#### Problem statement
Pictures appear among the records. Write out all else exactly as it stands.

Crawled caption data:
-----

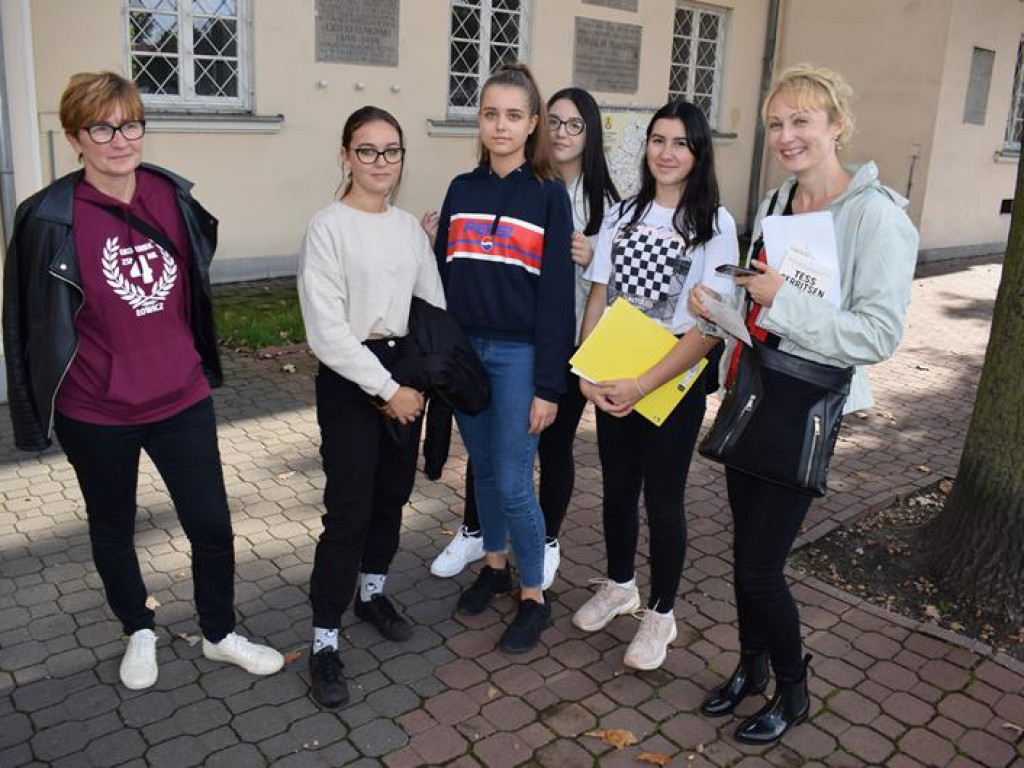 Gra miejska śladem tajemnic Łowicza rozstrzygnięta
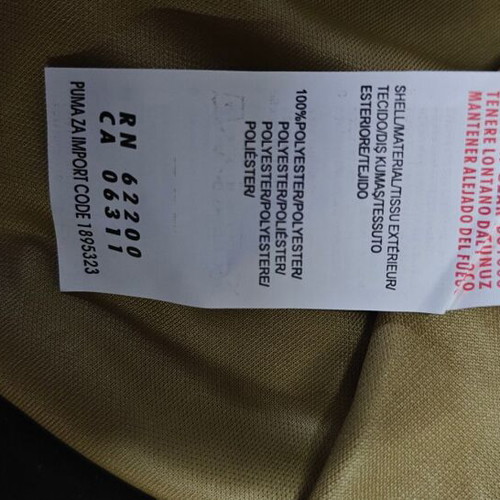 Puma G.Buffon collectible jersey new gold edition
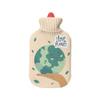 EDM 78991 I LOVE My Planet 2 L Hot Water Bottle view 1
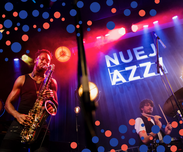 NUEJAZZ Festival 2024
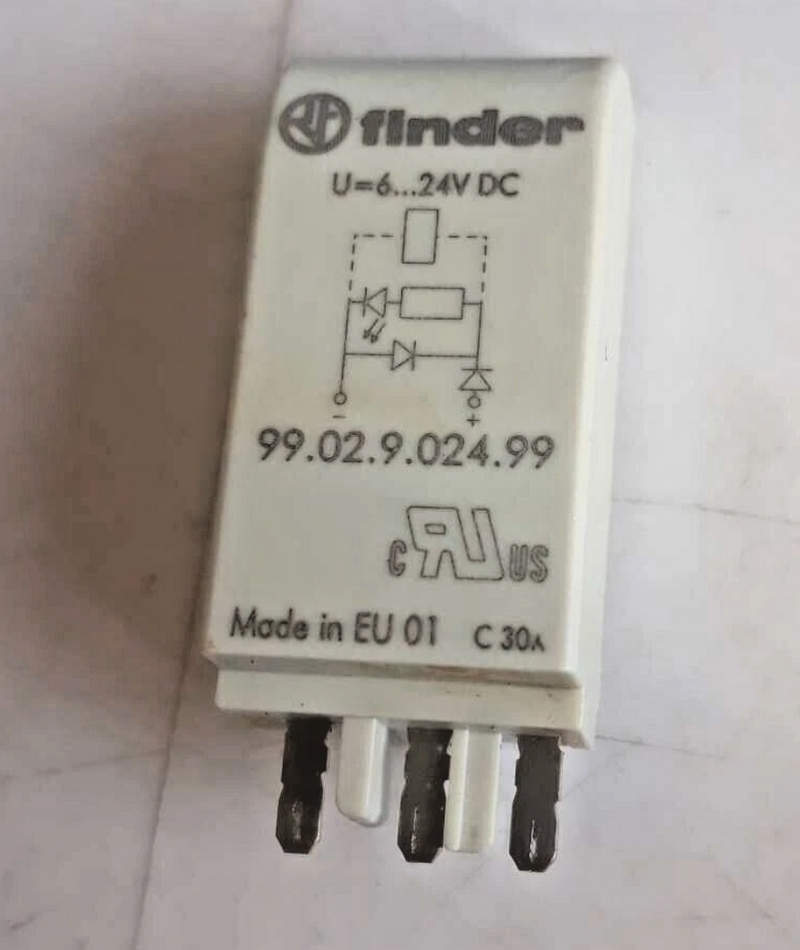 модуль 99.02 9.024 99 finder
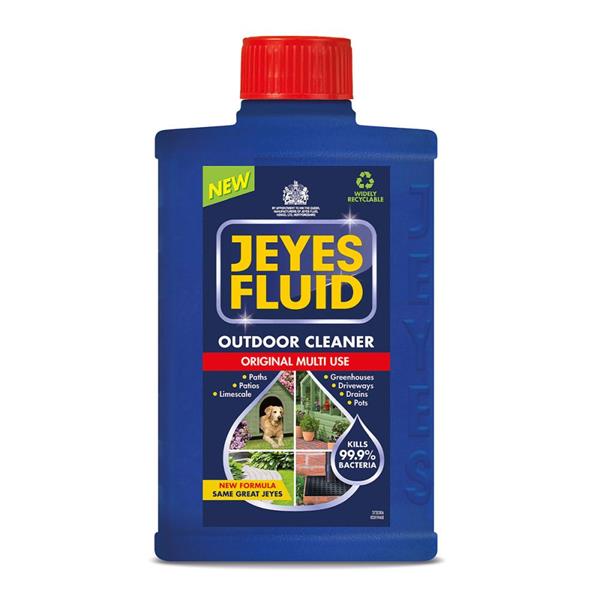 JEYES OUTDOOR FLUID CONCENTRATE 300ML - Watson Hire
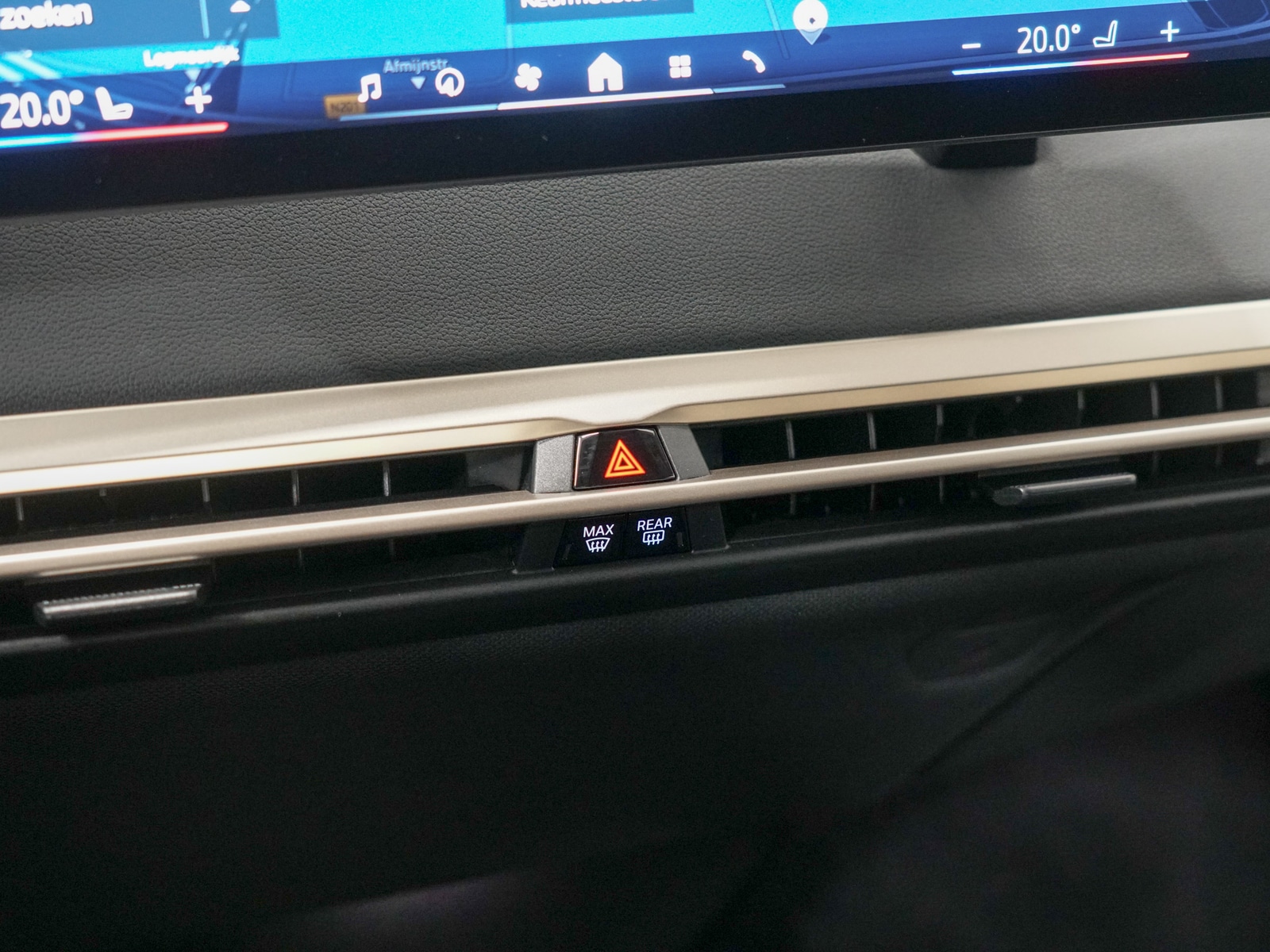 Foto van BMW Ix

-----

#### Answer section
 Gra miejska śladem tajemnic Łowicza rozstrzygnięta
 Puma G.Buffon collectible jersey new gold edition
 EDM 78991 I LOVE My Planet 2 L Hot Water Bottle view 1
 NUEJAZZ Festival 2024
 модуль 99.02 9.024 99 finder
 JEYES OUTDOOR FLUID CONCENTRATE 300ML - Watson Hire
 Foto van BMW Ix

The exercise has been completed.